Dynamic, Lazy Schema at Scale

March 09, 2016 - San Francisco, CA

Schema management is some of the most painful database work and anything you can do to make it easier can dramatically reduce an enterprises’ iteration interval. At Fineo we are focused on delivering a scalable, enterprise grade time-series platform. While we do lots of the expected enterprise-y things - backups, end-to-end security, audting, etc - and some things enable us to iterate quickly (like in my Fineo ingest pipeline post). However, today I’m going to talk about how we enable customers to have completely dynamic and lazy schema.

Dynanic, lazy schema means that at any point you can:

  • change the names of fields
  • group multiple physical names into a single field
  • query data before you have defined the schema

When it does come time to formalize your schema (up to a month after data has been written), Fineo will make suggestions about what type we think the data is and if it might actually just be an alias for another logical type, all based around the queries you have made on the un-schema’d data.

Lets take a look at an example where dynamic, lazy schema can be really useful.

Data Production Inc.

Suppose you work at Data Production Inc. (DPI) and are tasked with onboarding a new production line. You have a lot of machines to connect and then want to quicly analyze how the line is running so you can tweak it quickly. Then lets suppose you have a couple manufacturors of the same type of machine in your line - each has a slightly different name for the same kind of metrics, some metrics are from one machine and not in another.

In the traditional RDBMS world, this problem can be a huge pain all by itself. You have to figure out all the different possible fields you will receive. Then you need to manually write the mapping to an known name (normalizing field names), manage empty values and retest the pipeline multiple times until you are are sure you caught all the bugs.

Basically your standard, pain-in-the-ass ingest work.
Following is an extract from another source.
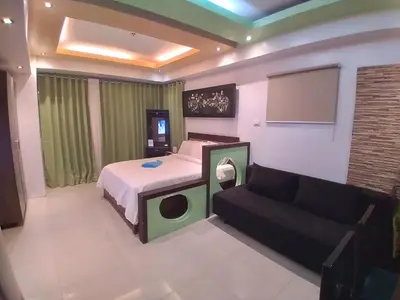 a bedroom with a bed and a couch at Executive Studio Apartment in BGC in Manila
Only after you have done all of this massaging can you even begin to look at your line and determine how its running.

Fineo = Easy Ingest

With Fineo, you don’t have to do almost any of that work. In fact, once you point your machines at our ingest endpoints, we will automagically tell you all the different fields. From there, you can point-and-click your way to the schema you want. Field name normalizations (aliasing) is a simple drag-and-drop. Empty values are automatically handled by our NoSQL backend.

And then it gets really cool.

You don’t even need to do any of that schema management until you have time to get around to it. Instead, you can start querying for fields immediately, just by knowing the names and what type you expect it to be. From there, you can use the whole world of SQL to slice and dice data, so you can quickly and easily get your line running.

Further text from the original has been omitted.